The purpose of these weekly lunch meetings is to dig into Gandhi's
saying, "You must be the change you seek in the world." They are open,
rolling conversations happening throughout this academic year, where
people are free to come when they can, and come at any time between
11:30 and 1:00.
The next folk school retreat, February 6-8, will swing around the
theme of seeking a graceful world, and accordingly the next few Monday
lunches will explore the idea of Being Grace. The lunch on December 15
will begin this exploration.
I am pasting in below the Stafford and Woolman pieces we used last
Monday.
My office is 868 Heller Hall, on the U of MN West Bank campus. Close
to Wilson Library and the Humphrey Institute.

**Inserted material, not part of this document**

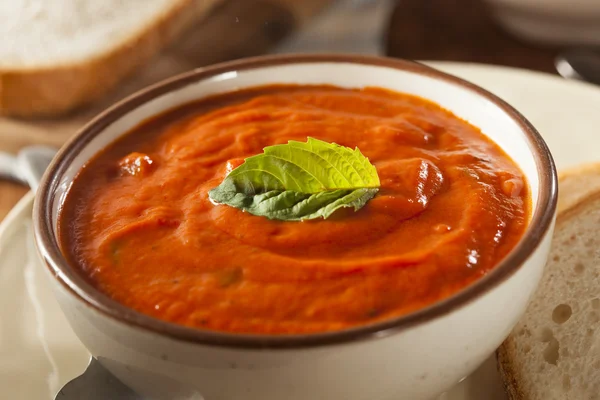 クリーミーなトマトスープ バジル ビスク — ストック写真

At the Un-National Monument along the Canadian Border
This is the field where the battle did not happen,
where the unknown soldier did not die.
This is the field where grass joined hands,
where no monument stands,
and the only heroic thing is the sky.
Birds fly here without any sound,
unfolding their wings across the open.
No people killed---or were killed---on this ground
hallowed by neglect and an air so tame
that people celebrate it by forgetting its name.
William Stafford
John Woolman's Journal --- Visit to the Indians on the Frontier
Frederick Tolles, the editor of my edition of the Journal, writes about
this visit as follows: "It was in the conviction that the only
effective dissolvent of the love of power is the power of love that
Woolman set out unarmed in 1762 to visit the Indians on the
Pennsylvania frontier, where the embers of the French and Indian War
still flamed out in sporadic massacres." Woolman's account of this
journey is in Chapter 8 of the Journal.
Having for many years felt love in my heart towards the natives of this
land who dwell far back in the wilderness, whose ancestors were
formerly the owners and possessors of the land where we dwell, and who
for a small consideration assigned their inheritance to us, and being
at Philadelphia in the 8th month, 1761, on a visit to some Friends who
had slaves, I fell in company with some of those natives who lived on
the east branch of the river Susquehanna, at an Indian town called
Wehaloosing, two hundred miles from Philadelphia. In conversation with
them by an interpreter, as also by observations on their countenances
and conduct, I believed some of them were measurably acquainted with
that Divine power which subjects the rough and froward will of the
creature. At times I felt inward drawings towards a visit to that
place, which I mentioned to none except my dear wife until it came to
some ripeness. In the winter of 1762 I laid my prospects before my
friends at our Monthly and Quarterly, and afterwards at our General
Spring Meeting; and having the unity of Friends, and being thoughtful
about an Indian pilot, there came a man and three women from a little
beyond that town to Philadelphia on business. Being informed thereof by
letter, I met them in town in the 5th month, 1763; and after some
conversation, finding they were sober people, I, with the concurrence
of Friends in that place, agreed to join them as companions in their
return, and we appointed to meet at Samuel Foulk's, at Richland, in
Bucks County, on the 7th of sixth month. Now, as this visit felt
weighty, and was performed at a time when travelling appeared perilous,
so the dispensations of Divine Providence in preparing my mind for it
have been memorable, and I believe it good for me to give some account
thereof.
(Woolman has many trials of body and spirit on this trip, including the
following.)
On reaching the Indian settlement at Wyoming, we were told that an
Indian runner had been at that place a day or two before us, and
brought news of the Indians having taken an English fort westward, and
destroyed the people, and that they were endeavoring to take another;
also that another Indian runner came there about the middle of the
previous night from a town about ten miles from Wehaloosing, and
brought the news that some Indian warriors from distant parts came to
that town with two English scalps, and told the people that it was war
with the English.
Our guides took us to the house of a very ancient man. Soon after
we had put in our baggage there came a man from another Indian house
some distance off. Perceiving there was a man near the door I went out;
the man had a tomahawk wrapped under his match-coat out of sight. As I
approached him he took it in his hand; I went forward, and, speaking to
him in a friendly way, perceived he understood some English. My
companion joining me, we had some talk with him concerning the nature
of our visit in these parts; he then went into the house with us, and,
talking with our guides, soon appeared friendly, sat down and smoked
his pipe. Though taking his hatchet in his hand at the instant I drew
near to him had a disagreeable appearance, I believe he had no other
intent than to be in readiness in case any violence were offered to him.